Registration No. 333-88990

UNITED STATES

SECURITIES AND EXCHANGE COMMISSION

Washington, D.C. 20549

POST-EFFECTIVE AMENDMENT NO. 2

ON FORM S-8 TO FORM S-4

REGISTRATION STATEMENT

UNDER THE SECURITIES ACT OF 1933

OLIN CORPORATION

(Exact name of registrant as specified in its charter)

Virginia 13-1872319
(State or other jurisdiction of incorporation or organization) (I.R.S. Employer Identification No.)
190 Carondelet Plaza, Suite 1530, Clayton, Missouri 63105
(Address of Principal Executive Offices) (Zip Code)

CHASE INDUSTRIES INC. 1994 LONG TERM INCENTIVE PLAN

CHASE INDUSTRIES INC. 1997 EXECUTIVE DEFERRED COMPENSATION STOCK OPTION PLAN

CHASE INDUSTRIES INC. 1997 NON-EMPLOYEE DIRECTOR STOCK OPTION PLAN

(Full title of the plans)

G. H. Pain

Senior Vice President, General Counsel and Secretary

Olin Corporation

190 Carondelet Plaza, Suite 1530

Clayton, Missouri 63105

(Name and address of agent for service)

314-480-1400

(Telephone number, including area code, of agent for service)

Indicate by check mark whether the registrant is a large accelerated filer, an accelerated filer, a non-accelerated filer or a smaller reporting company.

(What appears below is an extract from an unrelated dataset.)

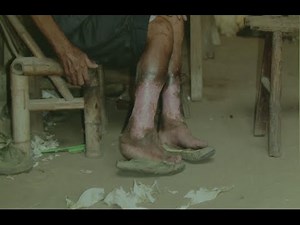 Photos of Japanese Biological Warfare in China Displayed in Tokyo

See the definitions of “large accelerated filer,” “accelerated filer” and “smaller reporting company” in Rule 12b-2 of the Exchange Act.

Large accelerated filer __ X ___ Accelerated filer _____

Non-accelerated filer __ Smaller reporting company _____

DEREGISTRATION OF SECURITIES

This Post-Effective Amendment No. 2 relates to the Registration Statement on Form S-8 filed as Post-Effective Amendment No. 1 to the Registration Statement on Form S-4 (Commission File No. 333-88990) filed with the Securities and Exchange Commission on September 27, 2002, pertaining to the registration of 921,388 shares of common stock, issuable under the Chase Industries Inc. 1994 Long Term Incentive Plan, the Chase Industries Inc. 1997 Executive Deferred Compensation Stock Option Plan and the Chase Industries Inc. 1997 Non-Employee Director Stock Option Plan (the “Plans”). The Registrant is filing this Post-Effective Amendment No. 2 to deregister all shares of common stock that have not been sold or otherwise issued under the Plans.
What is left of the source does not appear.